Second, the case itself appears to have arisen
because of demands for censorship by the Russian Orthodox Church, yet another
indication of the Patriarchate’s growing influence on and interconnection with
the Russian state and a development which by itself points to further efforts
to promote its obscurantist agenda (kasparov.ru/material.php?id=55DC052AEBE4D).
And third, while Wikipedia did not
simply cave into Moscow’s demands, it did take steps on its own to change the
articles, thus opening the way for more such demands and more such changes in
the future, especially if its editors or the editors of other such sites
believe Moscow is really prepared to block access (versia.ru/vikipediya-sdelala-vse-chto-mogla-no-roskomnadzor-ne-privyk-k-soprotivleniyu).

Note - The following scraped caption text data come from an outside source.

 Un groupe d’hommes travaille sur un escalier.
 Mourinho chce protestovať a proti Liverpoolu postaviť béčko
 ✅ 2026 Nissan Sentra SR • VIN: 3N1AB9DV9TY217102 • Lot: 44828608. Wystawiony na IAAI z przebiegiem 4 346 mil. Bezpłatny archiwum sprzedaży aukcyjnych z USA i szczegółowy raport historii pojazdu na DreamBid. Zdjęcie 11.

The most likely reason Moscow backed
down is not so much protests in Russia or abroad but rather the recognition of
at least some in the Russian capital that blocking such portals is a fool’s errand.
There are many ways to get around them, and Russians who use the Internet are
familiar with them (echo.msk.ru/blog/nossik/1609780-echo/).

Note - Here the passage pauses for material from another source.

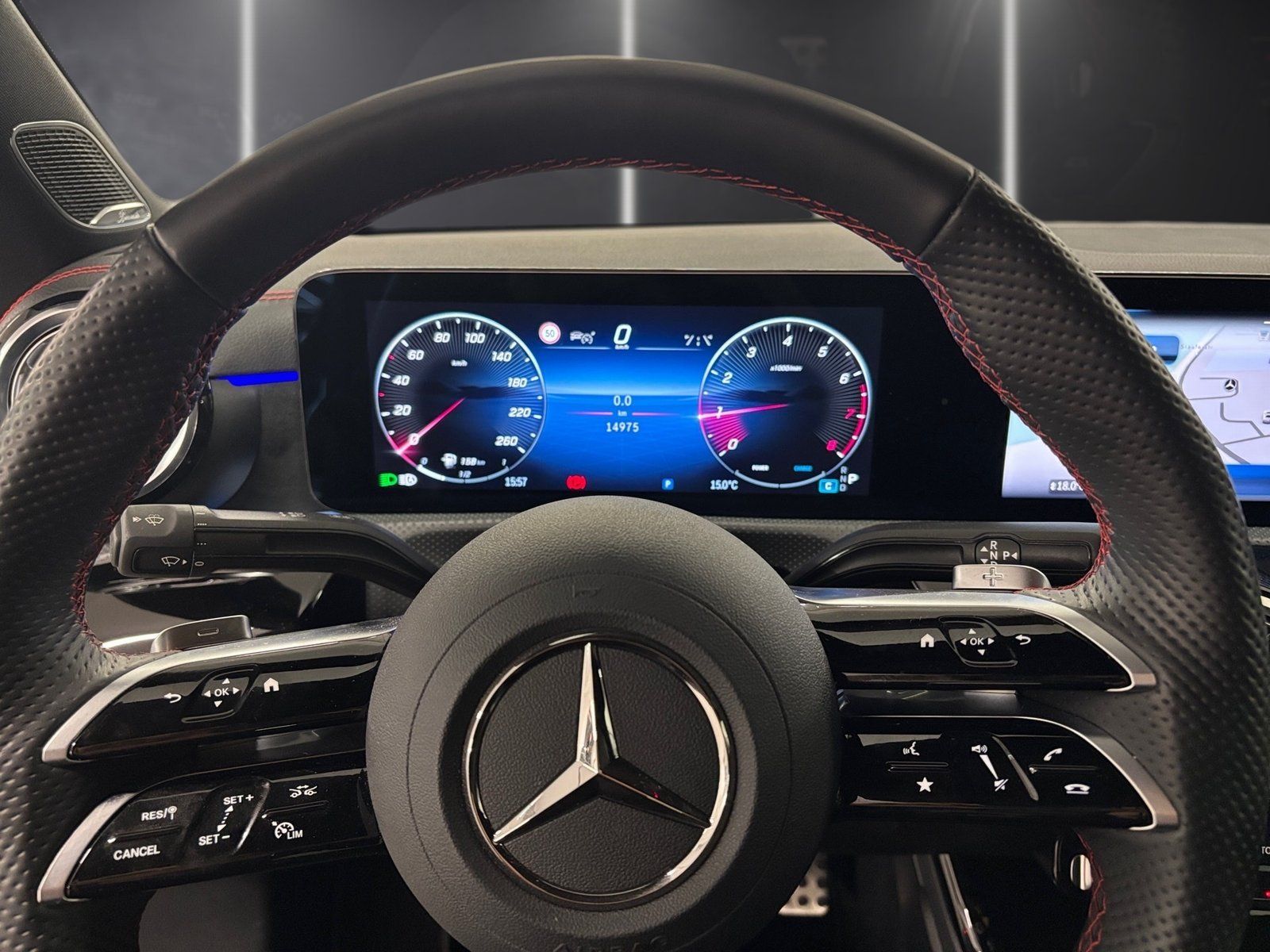 Fahrzeugabbildung Mercedes-Benz CLA 200 AMG*Burmester*Distro*Night*MultiBeam*360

What everyone should remember is
that the Wikipedia case was a kind of trial balloon, one that the Kremlin
assumes will be a one-day wonder, and that in fact sets the stage both for a
variety of new moves against the Internet outlined in Russia’s “digital
sovereignty” law set to go into force on September 1 (profile.ru/rossiya/item/99212-osobennosti-tsifrovogo-suvereniteta).

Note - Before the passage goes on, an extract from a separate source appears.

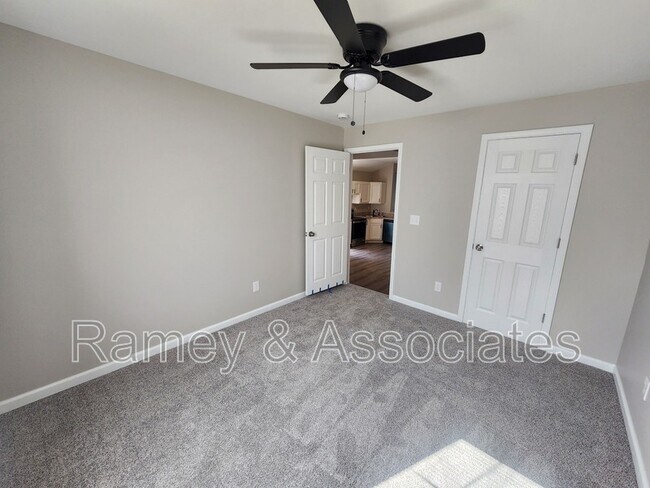 Building Photo - 515 S 20th St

Some of Moscow’s moves against
freedom in this area are already taking off.
Kseniya Kirillova of Novy Region-2 reports, for example, that Russian
officials are now opening criminal cases against those who repost or even
“like” anti-Kremlin articles on social media (nr2.com.ua/News/crime_and_accidents/V-Rossii-nachalas-ohota-na-layki--104552.html).
In a commentary on “Yezhednevny
zhurnal” today, Igor Yakovenko puts what is happening in context. He begins by noting that tsarist censor
Aleksandr Krasovsky in 1836 banned a book on the harmfulness of mushrooms
because mushrooms are a favorite food of Orthodox Russians (ej.ru/?a=note&id=28458).
Now, in 2015, prosecutors in the
village of Cherny Yar in Astrakhan oblast have done much the same thing with
Wikipedia, and the “state-thinking” officials among the village’s 8,000
residents have gotten Moscow to go along with them and to play out the ban and
then the lifting of the ban on Wikipedia, all in the name of protecting the
Orthodox.
It is “unclear only why” such people
would limit themselves to Wikipedia. Perhaps, the Moscow commentator says, they
will move on to “ban the entire Internet as a whole, the Internet with its
multitude of resources in which students and pupils can find materials for
writing their works.”
“Following this logic,” Yakovenko
says, “it is necessary to return even not to pre-internet times but directly to
pre-literate ones when the transmission of knowledge took place by means of
oral communication which undoubtedly improved their quality and the integrity of
those studying.”
And he concludes: “for these people,
it is not important that Russia’s prestige declines; it is important not to
fall short in the eyes of the only source of power” they recognize. “The war with Ukraine has ever more thrown
the Russian authorities back to a time when war was an end in itself.”